La ciencia procura anular esa incertidumbre: uno de los productos más valiosos del conocimiento científico es la capacidad de predicción. La cosa funciona una vez que uno descubre que el universo se comporta en gran medida como un reloj, con sus engranajes y relaciones de causalidad. Descubrir que hay orden bajo el aparente caos es reconfortante, pero no siempre ha sido evidente. Hace 200.000 años las pistas no eran nada claras. En aquella época vivíamos, la mayoría de Homo sapiens, en latitudes próximas al ecuador. El tiempo, por esos lares, tiene una dimensión esencialmente lineal: no existe una separación marcada entre estaciones y, por tanto, es difícil predecir qué es lo que viene a continuación. Sin embargo, el panorama cambia al llegar a latitudes medias: los cambios a lo largo del tiempo adquieren una dimensión circular, marcada por las cuatro estaciones, y entonces surge la noción de un mundo ordenado, mecánico, que es posible predecir.

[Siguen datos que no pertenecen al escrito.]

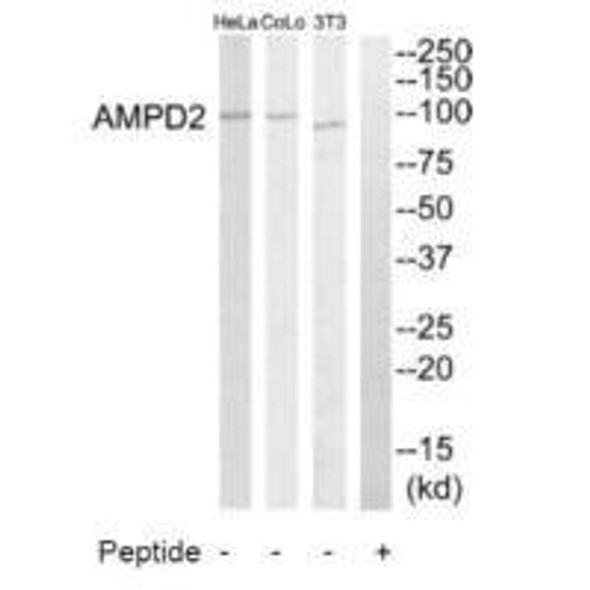 AMPD2 Antibody (PACO22139)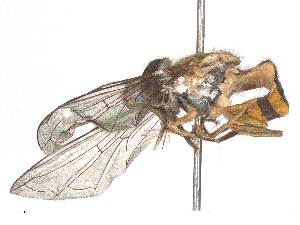  ( - CBG-B15992-H02)  @11 [ ] CreativeCommons - Attribution Share - Alike (2025) CBG Photography Group Centre for Biodiversity Genomics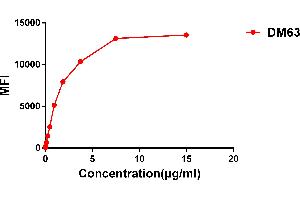 Flow Cytometry (FACS) image for anti-CD28 (CD28) (AA 19-152) antibody (ABIN6964060)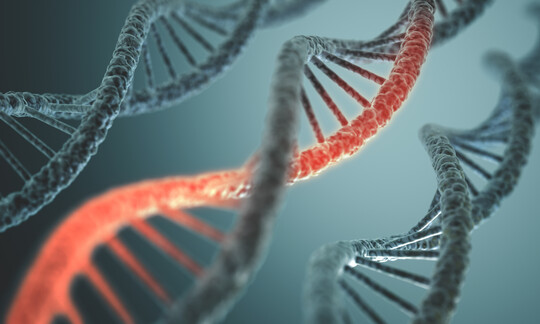 Die Genomeditierung bleibt ein international bedeutendes Forschungsfeld mit verschiedenen Schwerpunkten, darunter die Entwicklung genetisch modifizierter Nutztiere,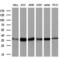 Isocitrate Dehydrogenase (NAD(+)) 3 Alpha antibody, MA5-25006, Invitrogen Antibodies, Western Blot image 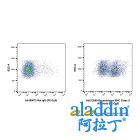 Recombinant MHC Class II Antibody (PE-Cy5)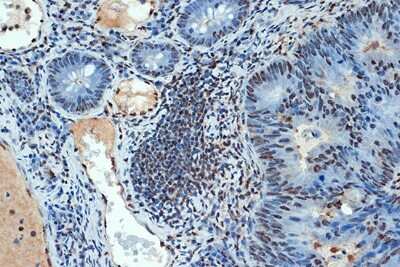 Immunohistochemistry-Paraffin: SUMO4 Antibody (7X3V7) [NBP3-16732]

Pero una cosa es ser consciente del ciclo astronómico anual y otra descubrir los mecanismos de la vida. No sabemos con certeza qué, pero algo pasó en lo que ahora es Europa hace unos 40.000 años: con el frío, a nuestros ancestros les dio por tallar pequeñas figurillas, muchas de ellas representando mujeres de rasgos voluptuosos; y en lo más hondo y oscuro de algunas grutas, las paredes se cubrieron de símbolos y de representaciones de animales (este tipo de arte rupestre paleolítico se ha descubierto también en el sureste asiático). El arrebato duró nada menos que 30.000 años. Esa peculiar explosión de creatividad, tal como vino, se fue. Luego llegó el Neolítico, la agricultura, la ganadería… y los relojes.
«Descubrir que hay orden bajo el aparente caos es reconfortante, pero no siempre ha sido evidente»

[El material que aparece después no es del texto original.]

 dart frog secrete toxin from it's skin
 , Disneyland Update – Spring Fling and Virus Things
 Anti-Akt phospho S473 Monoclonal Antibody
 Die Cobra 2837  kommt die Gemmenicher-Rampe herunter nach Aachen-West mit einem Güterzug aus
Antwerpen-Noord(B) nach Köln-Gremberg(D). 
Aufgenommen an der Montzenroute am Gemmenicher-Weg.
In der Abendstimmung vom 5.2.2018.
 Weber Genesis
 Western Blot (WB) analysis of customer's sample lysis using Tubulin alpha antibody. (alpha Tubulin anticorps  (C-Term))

Los ancestros paleolíticos de Leonardo y Miguel Ángel tuvieron que recurrir a la magia, el totemismo o el chamanismo (estas son tres de las hipótesis que se manejan para explicar la explosión creativa de pinturas rupestres y estatuillas de venus) como vía para influir sobre algún fenómeno natural. Uno de los misterios más importantes era el de la reproducción, tanto humana como de otros animales. La relación entre el coito y el embarazo no siempre ha sido evidente. En un capítulo de Los Simpson, Apu le pregunta a Homer sobre su decisión de tener hijos, a lo que Homer responde entre sorprendido y jocoso: «¿Decidir? Los bebés simplemente suceden» («Babies just happen»). En los humanos la gestación dura nueve meses, demasiado tiempo para atar cabos cuando no se tiene ningún otro conocimiento sobre el tema. Una de las funciones del arte paleolítico pudo ser, precisamente, la de influir sobre una fertilidad de mecanismos inciertos. Hasta que se ataron cabos y se descubrió la maquinaria subyacente.

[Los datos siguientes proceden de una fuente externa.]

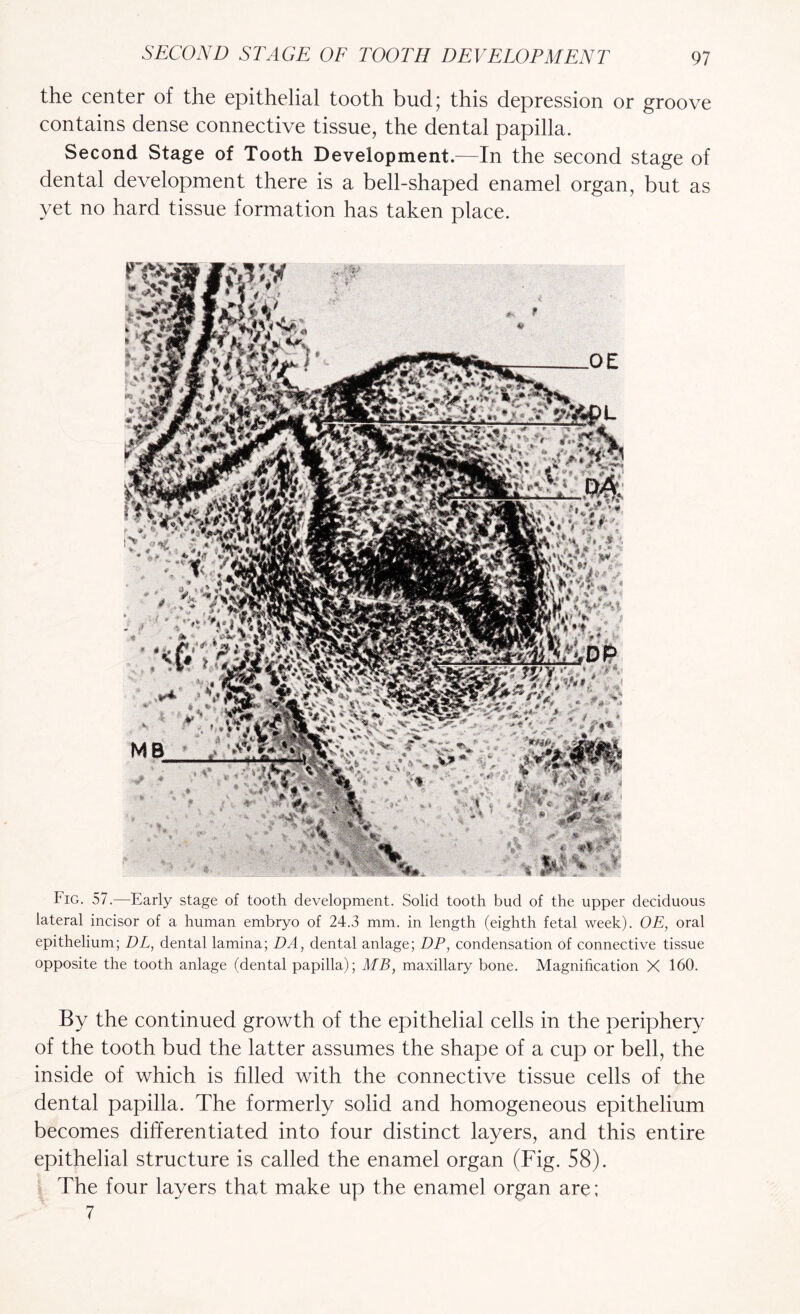 the center of the epithelial tooth bud; this depression or groove contains dense connective tissue, the dental papilla. Second Stage of Tooth Development.—In the second stage of dental development there is a bell-shaped enamel organ, but as yet no hard tissue formation has taken place. Fig. 57.—^Early stage of tooth development. Solid tooth bud of the upper deciduous lateral incisor of a human embryo of 24.3 mm. in length (eighth fetal week). OE, oral epithelium; DL, dental lamina; DA, dental anlage; DP, condensation of connective tissue opposite the tooth anlage (dental papilla); MB, maxillary bone. Magnification X 160. By the continued growth of the epithelial cells in the periphery of the tooth bud the latter assumes the shape of a cup or bell, the inside of which is filled with the connective tissue cells of the dental papilla. The formerly solid and homogeneous epithelium becomes differentiated into four distinct layers, and this entire epithelial structure is called the enamel organ (Fig. 58). ( The four layers that make up the enamel organ are; 7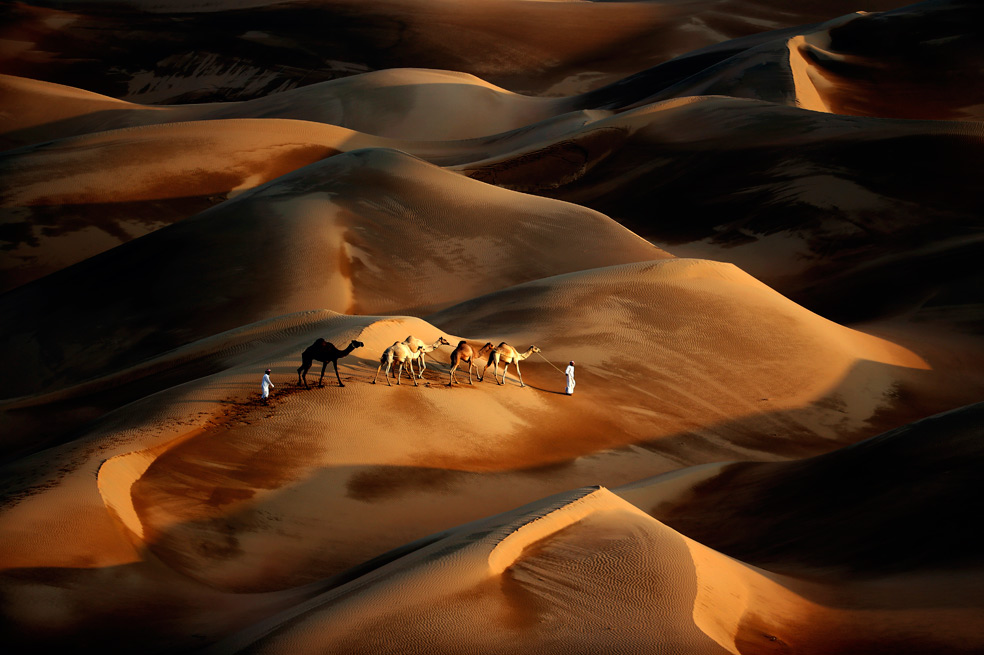 Hermosas imágenes del gran desierto en Dubai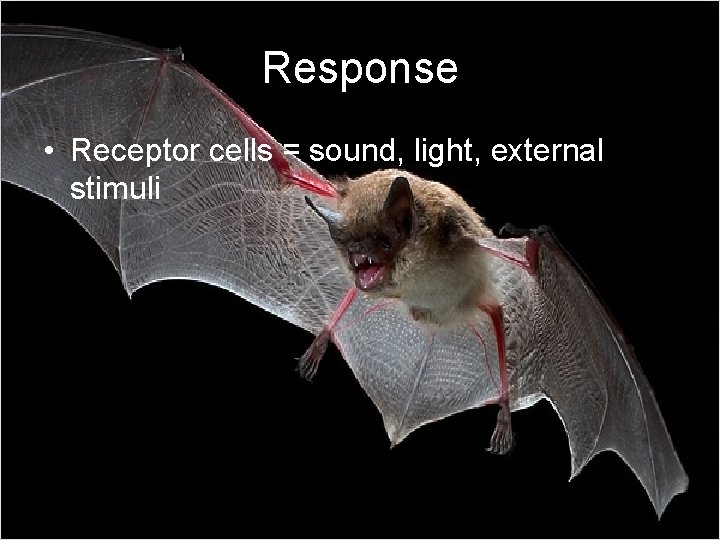 Response • Receptor cells = sound, light, external stimuli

Hace unos 10.000 años dejamos de pintar en el fondo de las cavernas europeas. También dejamos de tallar figurillas. Algunos paleoantropólogos han sugerido que la clave pudo estar en los perros. Por aquella época los perros, es decir, los lobos, comenzaron a formar parte de nuestra familia, unos animales que copulan a la vista de todos y con una gestación que dura tan solo dos meses. Nunca antes los humanos habíamos tenido acceso visual continuado a un ciclo reproductivo de otro mamífero. Entonces pudimos atar cabos: los hijos vienen de la cópula; no hace falta más magia. No solo hay orden en los fenómenos astronómicos, sino también en los procesos biológicos. Este orden permite la generación de conocimiento, que cristaliza cada vez que se establecen relaciones entre fenómenos en principio aislados.